[Short text fragments from websites]
◇ ◇ ◇ ◇ ◇ ◇ ◇
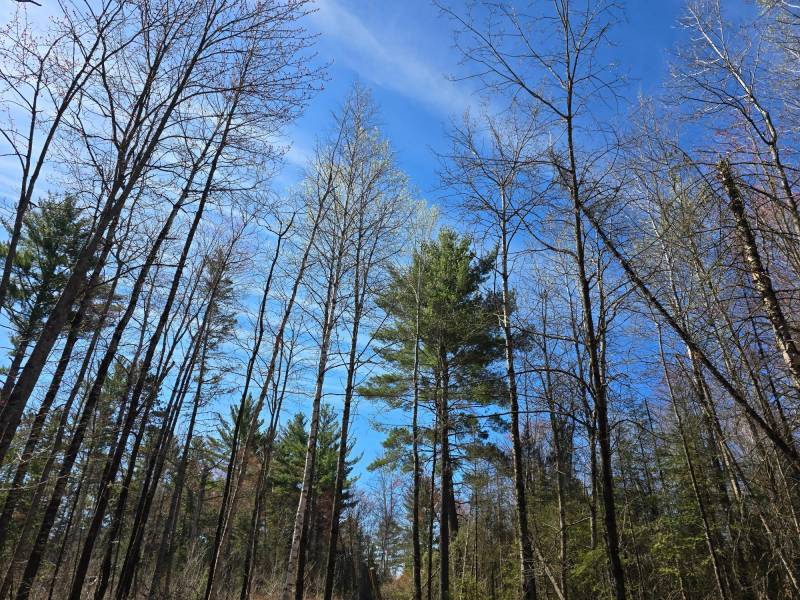 135 Woodland Heights Manor, , Rhinelander,  WI 54501 United States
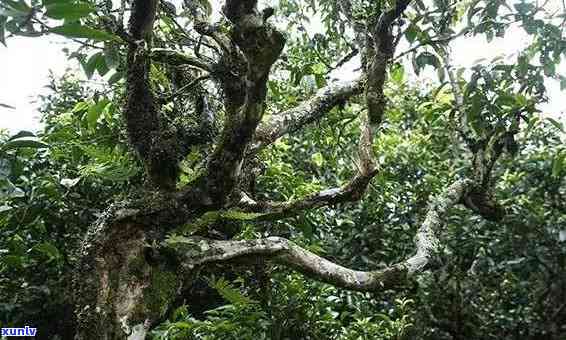 老班章春茶价格、口感及其与秋茶、古树茶的区别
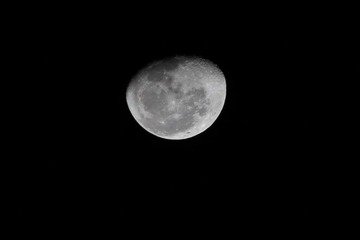 IMG_0974.jpg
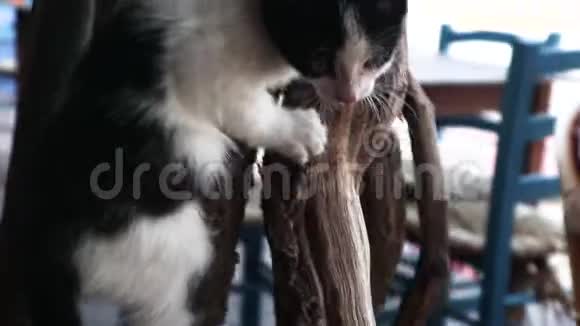 一只可爱好玩的小猫正在爬一根干树枝视频的预览图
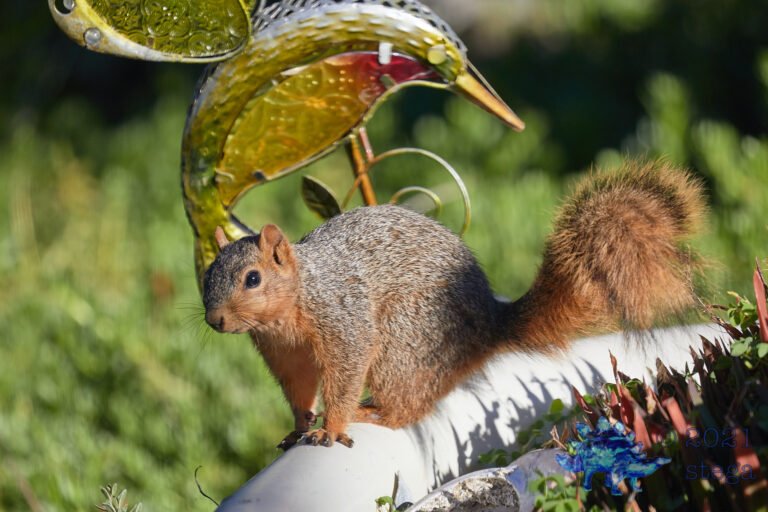 Fox Squirrel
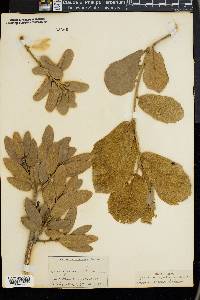 Quercus grisea image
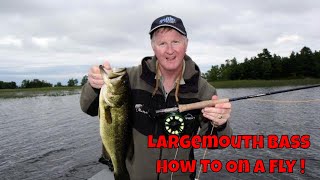 How to Catch BIG Largemouth Bass On Top with Flies [upl. by Levey]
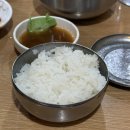 강남대로37길 56-18 | (양재역) 미나리 듬뿍 알동태탕 맛집 보글이 생태탕 왕코다리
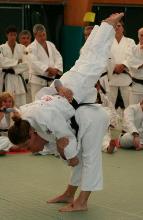 Grand Prix di kata 2011, le classifiche finali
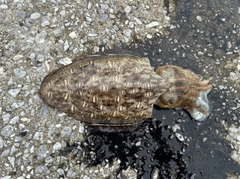 モンゴウイカの釣果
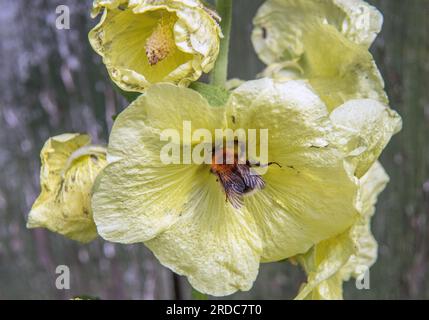 Bumblebee si siede su splendidi fiori di hollyhock nel giardino. mallow giallo fiorito. Foto Stock
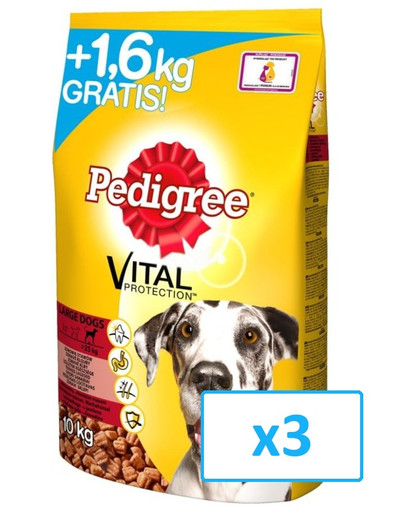 PEDIGREE Wołowina duże rasy 10 kg x 3 (30 kg)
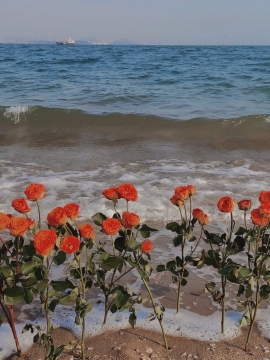 唯美系海边玫瑰花写真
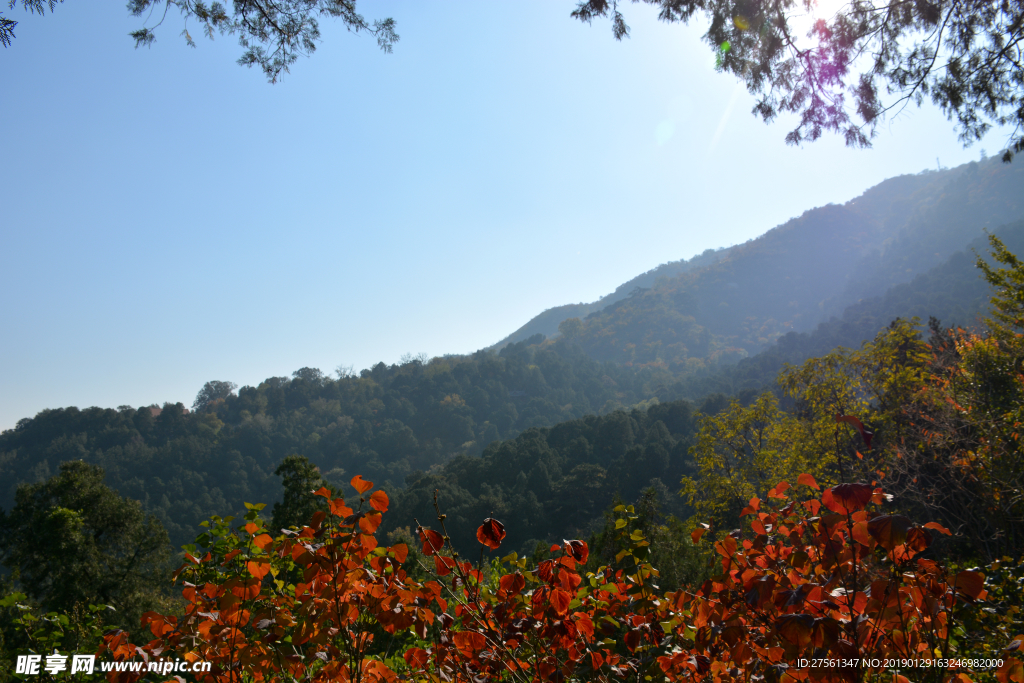 香山红叶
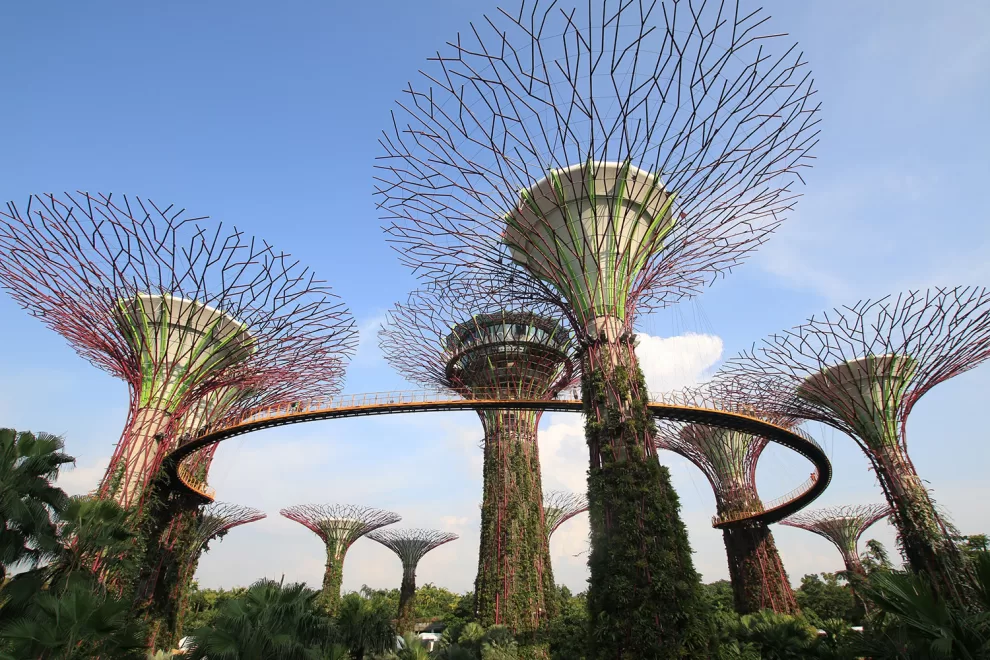 De "paraíso de la contaminación" a metrópolis sostenible: El milagro de Singapur en 60 años 10 garden gardenbythebay supertree singapore 0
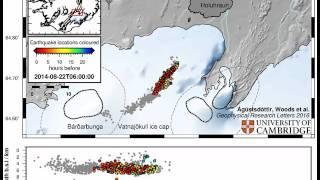 Earthquakes accompanying the Bardarbunga - Holuhraun dyke intrusion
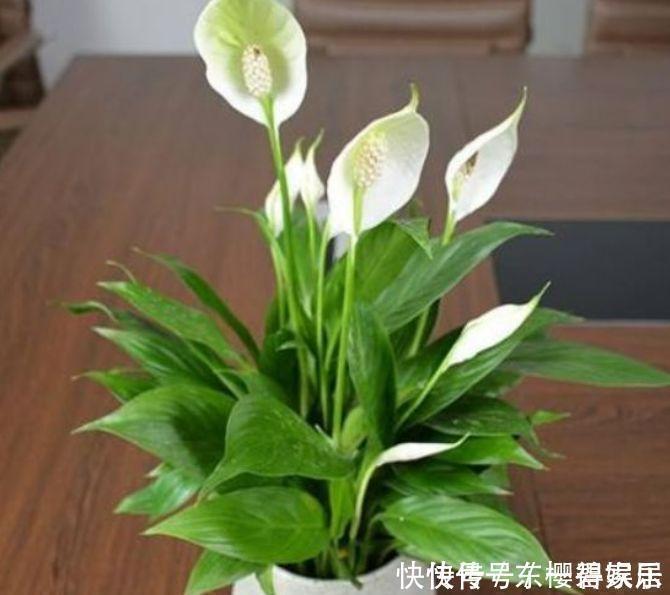 君子兰|养花就养4种花，家里养一盆，日子红火财运滚滚，好看极了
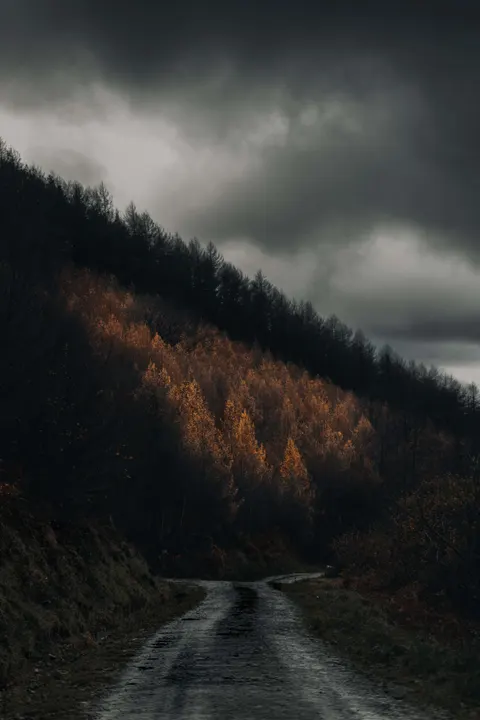 Rain Storm Phone Wallpaper · rain · 1440×2160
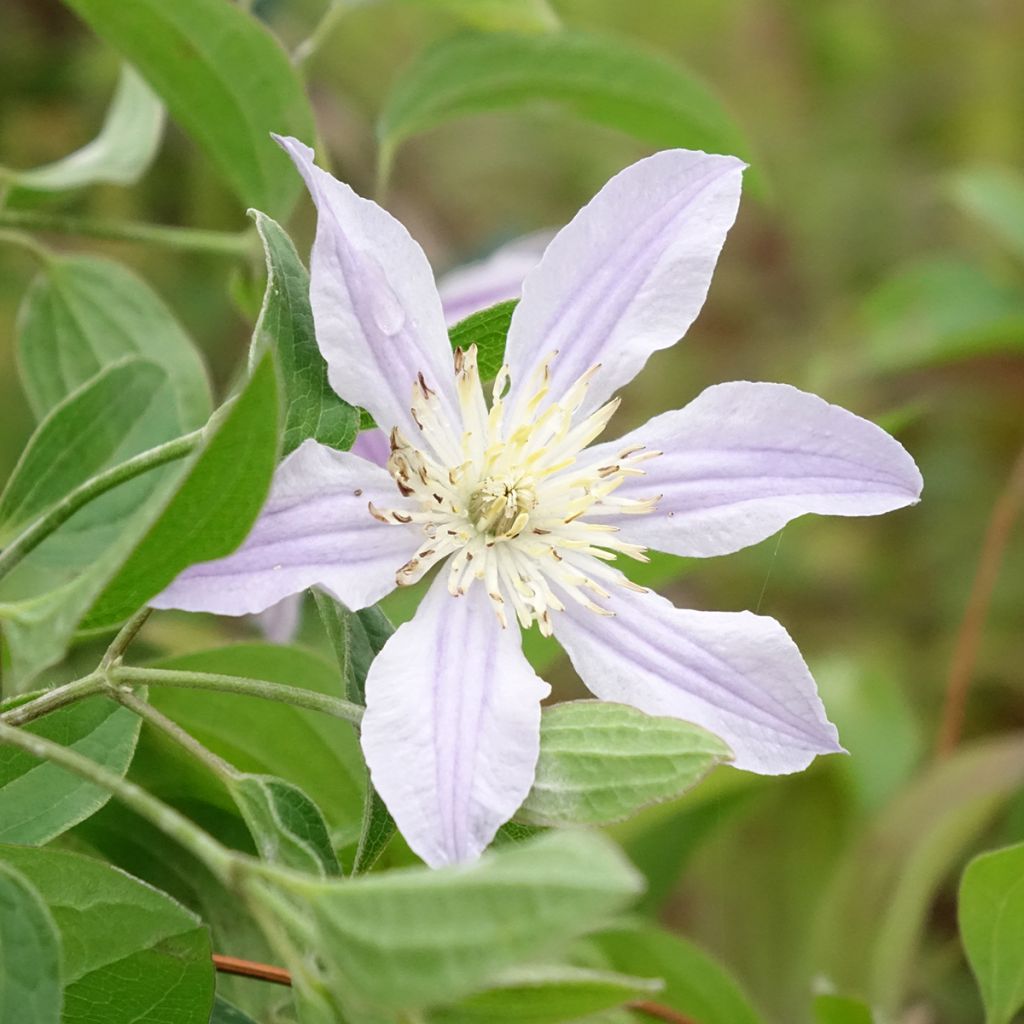Clématite - Clematis diversifolia River Star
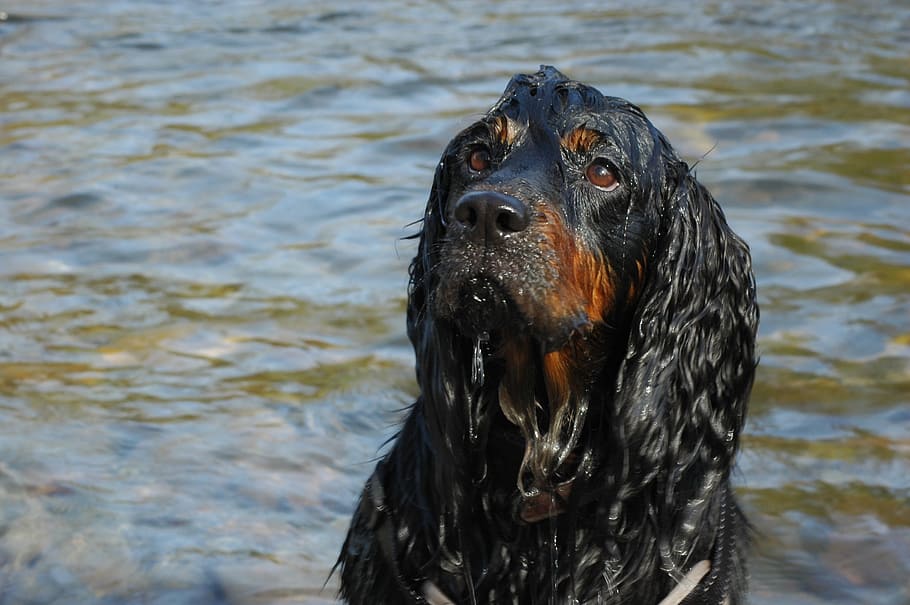 Dog, Pet, Cocker, Canine, Wet, black, bathing, one animal, animal themes HD wallpaper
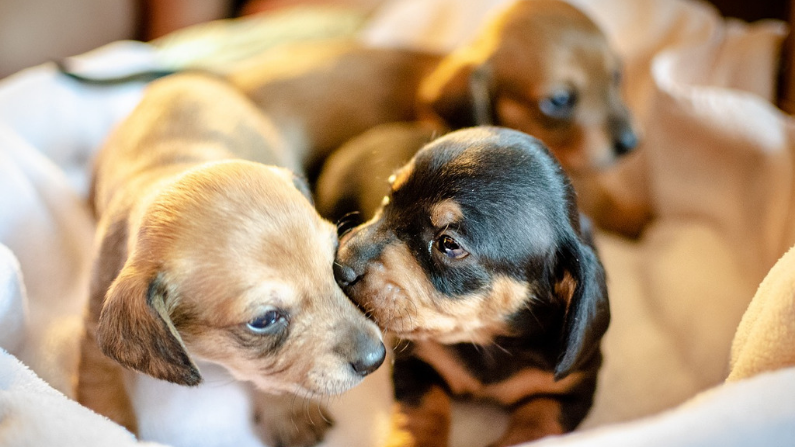 Rescate de cachorritos recién nacidos. Imagen ilustrativa. (Lauren Rathbone/Pixabay)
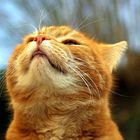 User Profile Photo
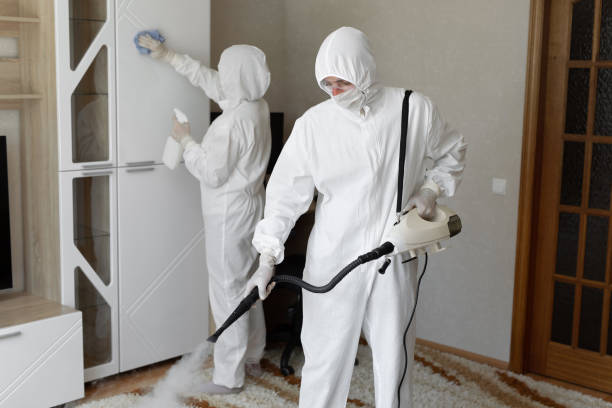 Best Emergency Mold Removal  in Cumberland Hill, RI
◇ ◇ ◇ ◇ ◇ ◇ ◇
Leave the pictures out. Transcribe exactly the lines from the one with "Dog, Pet, Cocker, Canine, Wet, black, bathing, one" through the end of the records.

→ Output for this exercise:
 Dog, Pet, Cocker, Canine, Wet, black, bathing, one animal, animal themes HD wallpaper
 Rescate de cachorritos recién nacidos. Imagen ilustrativa. (Lauren Rathbone/Pixabay)
 User Profile Photo
 Best Emergency Mold Removal  in Cumberland Hill, RI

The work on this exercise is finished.